Als Limitation der verwendeten Technik ist zu nennen, dass das korakoakromiale Band bei der anterioren Portalanlage durchtrennt wird [10], was zu einer weiteren Instabilität des Schultergürtels beitragen könnte. Jedoch ermöglicht dies wiederum die Versorgung und Stabilisierung der unteren Säule des SSSC, was nach Goss den wesentlichen Anteil für die Stabilität des Komplexes darstellt [1].

Des Weiteren erfolgt die Schraubenfixation durch das anteromediale Portal abhängig vom Frakturverlauf nicht genau rechtwinklig zum Frakturspalt. Folglich könnte die interfragmentäre Kompressionskraft geringer ausfallen. Bisherige Erkenntnisse legen jedoch nahe, dass eine Winkelabweichung von bis zu 30° zu keinem signifikanten Unterschied in der interfragmentären Kompressionskraft führt [4]. Der vorliegende Fall unterstützt diese Erkenntnis. Bei der postoperativen Kontrolle nach 3 Monaten konnte in der CT eine knöcherne Heilung festgestellt werden.

Fazit für die Praxis

  • Typ-III-Glenoidfrakturen treten selten auf und sind meist nach einem Hochrasanztrauma zu beobachten.
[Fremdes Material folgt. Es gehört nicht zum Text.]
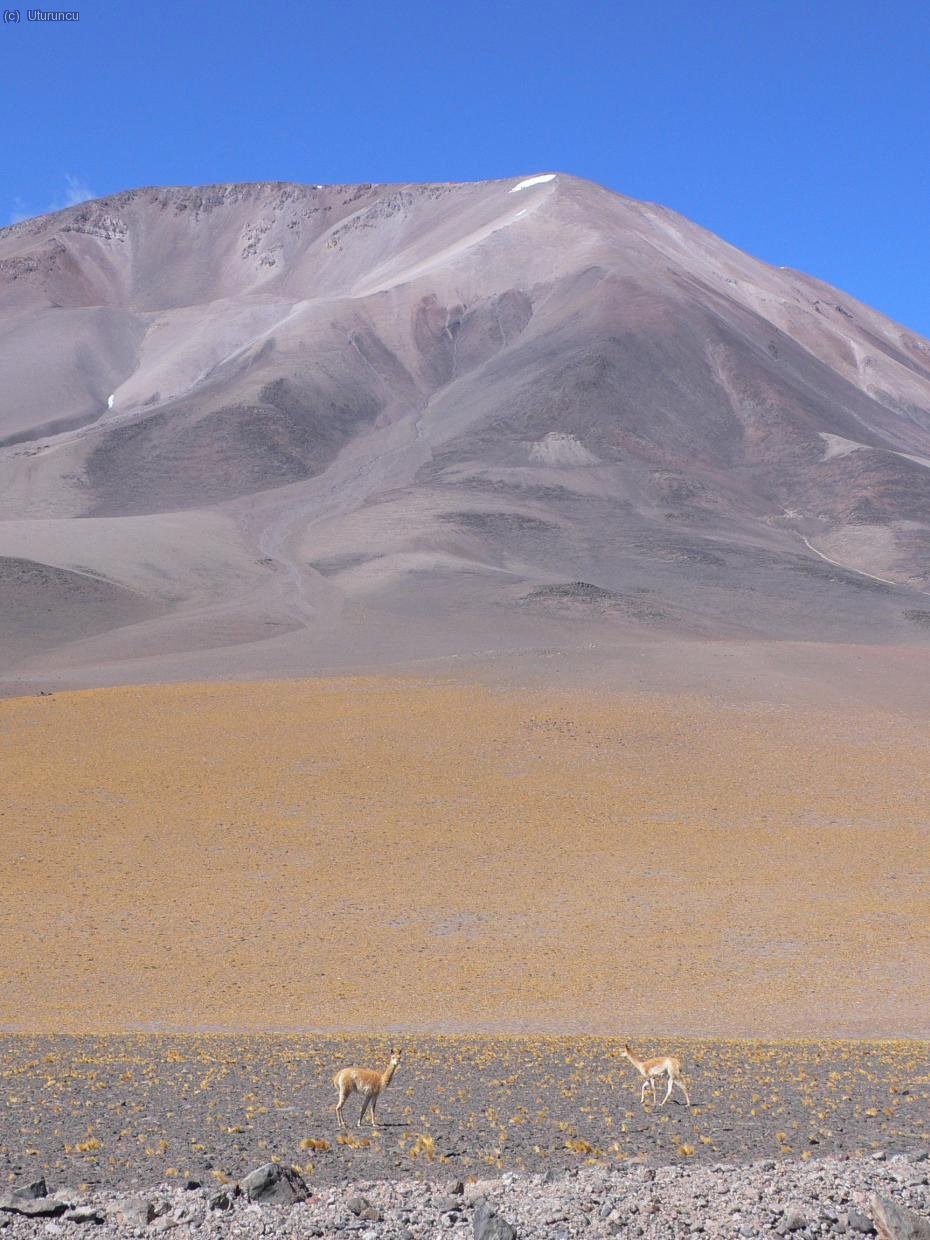 Vicu&ntilde;as en la pampa a pie del San Francisco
Begleitverletzungen sind häufig.

  • Die operative Therapie wird ab einer Gelenkstufe von 4–5 mm und unter Berücksichtigung von Begleitverletzungen empfohlen.

  • Die arthroskopische Versorgung stellt eine sehr gute, technisch anspruchsvolle Alternative zu offenen Verfahren dar.

  • Die Schraubenosteosynthese kann durch ein hohes, anteromediales Portal durchgeführt werden.

  • Der Verzicht auf das Neviaser-Portal kann das Risiko für eine neurovaskuläre Schädigung reduzieren.